**Directions for this task:**
Reproduce, exactly and in full, the lines from the one with "4236 - A Victorian" through the one with "Two people in" in the data below; drop pictures.

**Provided entries:**
=======

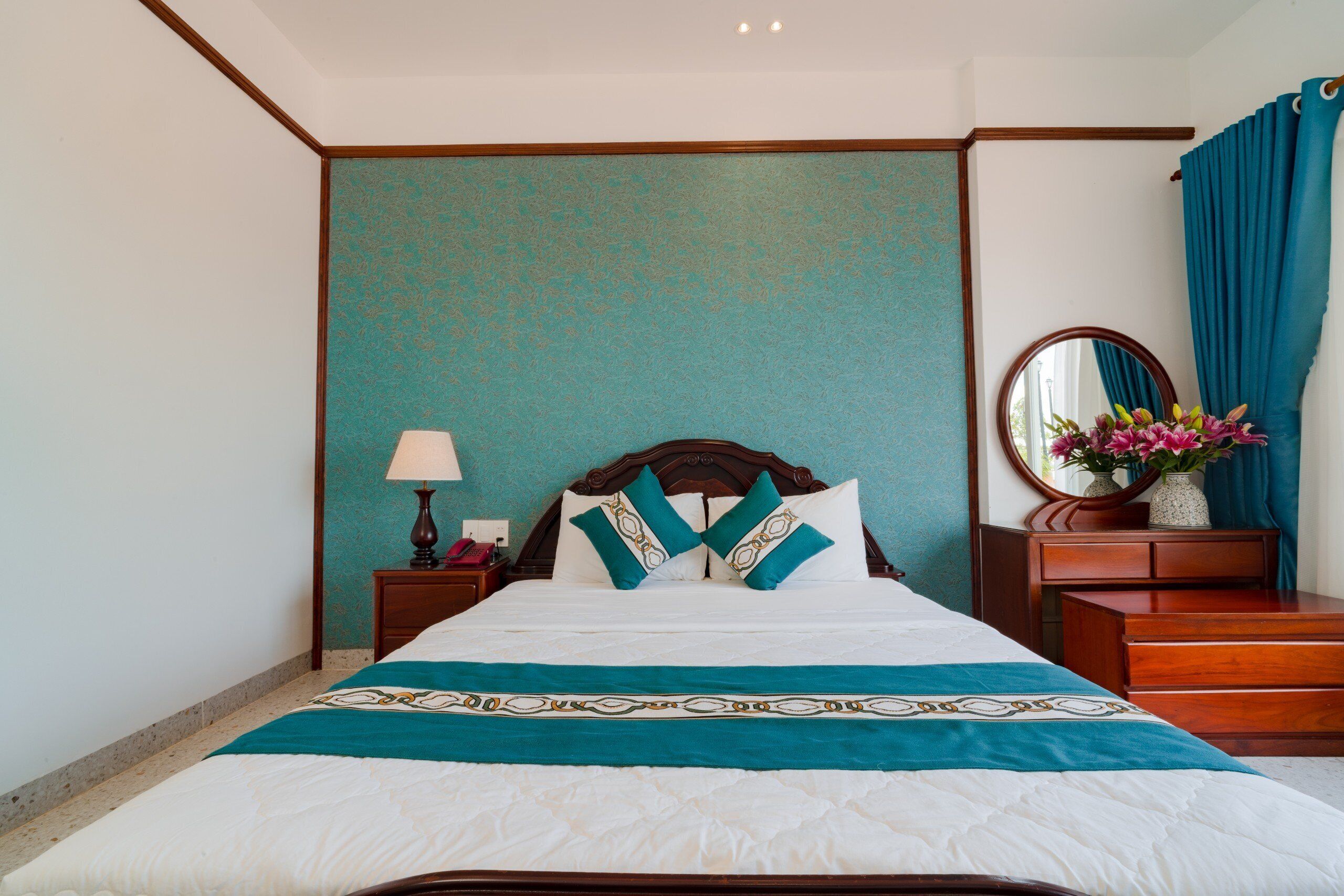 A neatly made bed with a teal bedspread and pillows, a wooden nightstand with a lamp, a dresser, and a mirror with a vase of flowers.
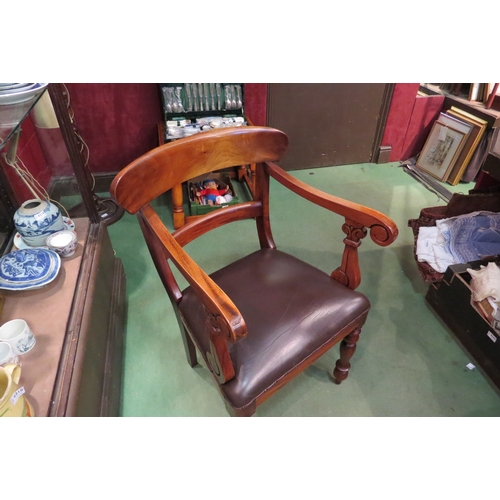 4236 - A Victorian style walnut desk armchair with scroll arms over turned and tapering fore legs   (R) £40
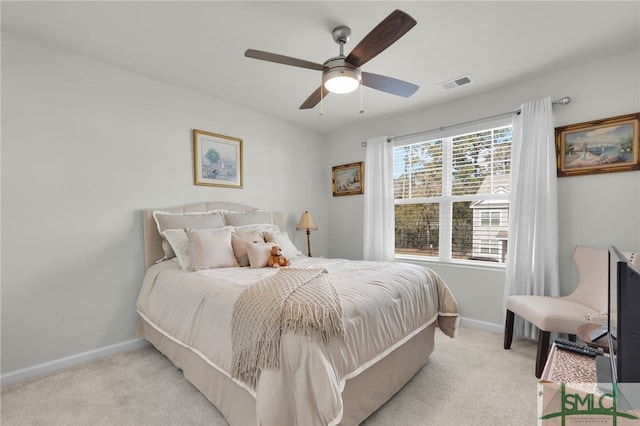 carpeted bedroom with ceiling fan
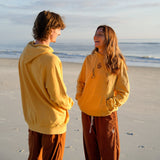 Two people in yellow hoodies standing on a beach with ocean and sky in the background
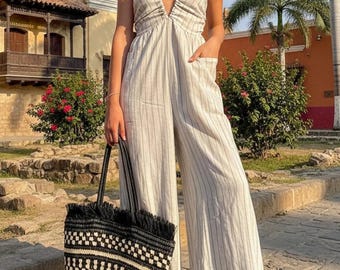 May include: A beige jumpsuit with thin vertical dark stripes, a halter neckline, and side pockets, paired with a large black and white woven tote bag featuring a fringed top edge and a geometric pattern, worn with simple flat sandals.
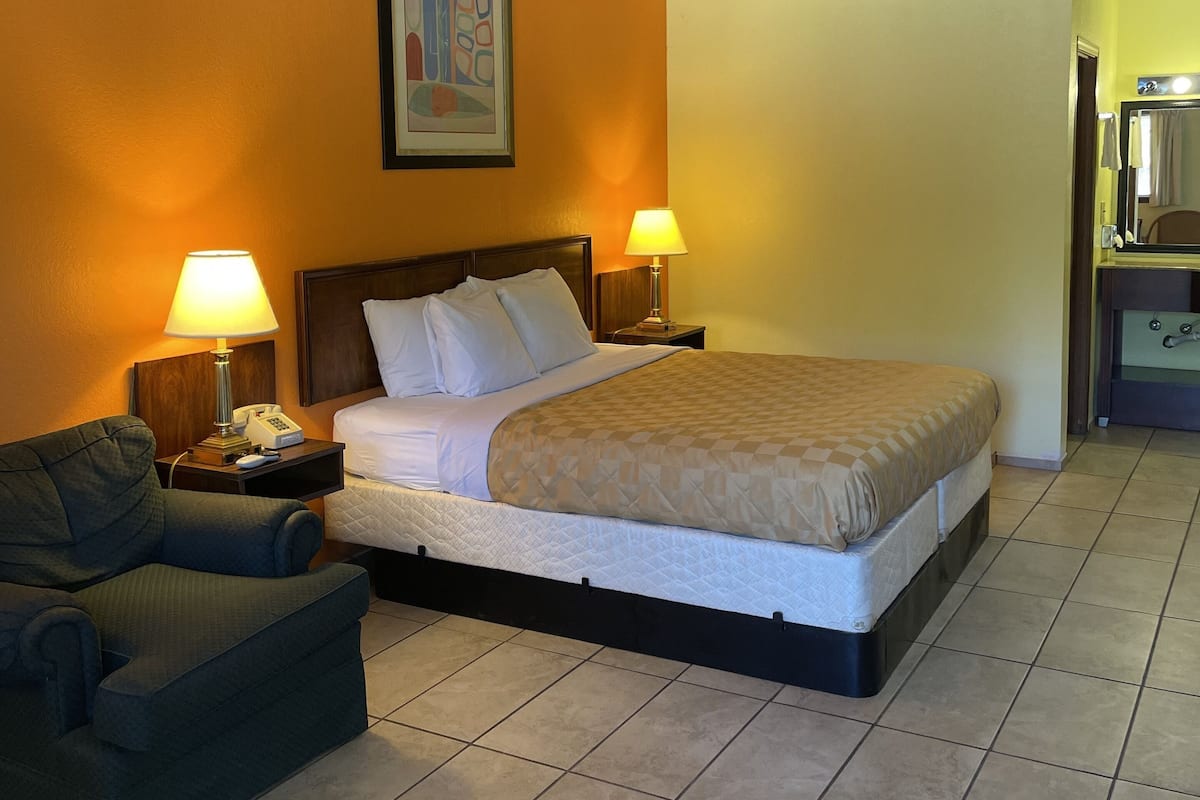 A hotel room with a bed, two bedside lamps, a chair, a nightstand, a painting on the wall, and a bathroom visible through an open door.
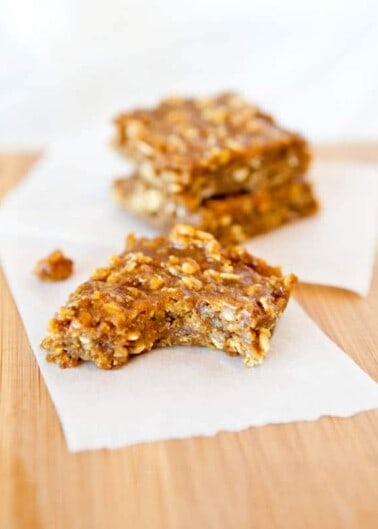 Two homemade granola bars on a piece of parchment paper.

=======

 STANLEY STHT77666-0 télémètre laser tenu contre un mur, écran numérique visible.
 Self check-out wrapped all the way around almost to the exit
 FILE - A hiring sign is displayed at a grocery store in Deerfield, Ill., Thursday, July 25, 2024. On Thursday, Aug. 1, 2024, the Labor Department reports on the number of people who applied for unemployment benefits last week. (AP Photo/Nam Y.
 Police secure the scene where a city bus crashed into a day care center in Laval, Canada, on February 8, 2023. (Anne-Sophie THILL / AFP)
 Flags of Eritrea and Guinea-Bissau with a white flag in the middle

=======

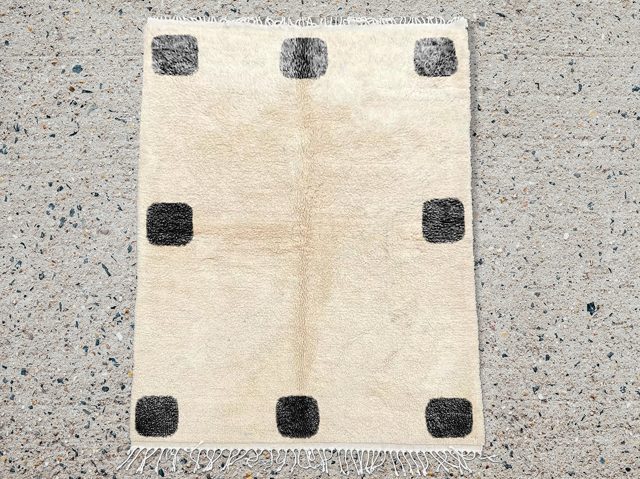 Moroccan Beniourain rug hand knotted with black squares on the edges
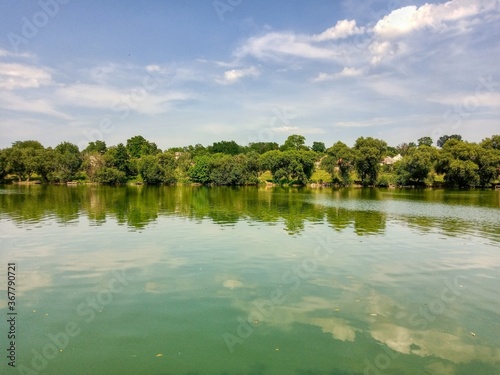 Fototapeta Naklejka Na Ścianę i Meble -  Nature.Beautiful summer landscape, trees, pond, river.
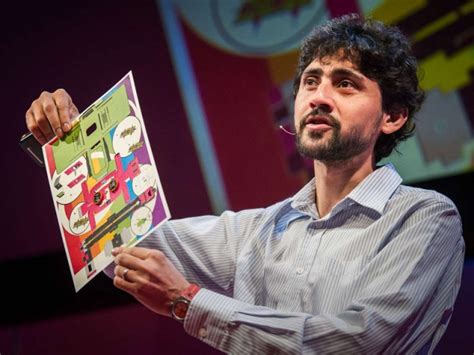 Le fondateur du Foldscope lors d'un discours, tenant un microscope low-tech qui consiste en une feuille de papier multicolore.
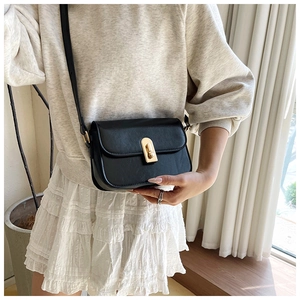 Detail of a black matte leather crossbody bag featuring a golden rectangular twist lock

=======

**Reply:**
 4236 - A Victorian style walnut desk armchair with scroll arms over turned and tapering fore legs   (R) £40
 carpeted bedroom with ceiling fan
 Two people in yellow hoodies standing on a beach with ocean and sky in the background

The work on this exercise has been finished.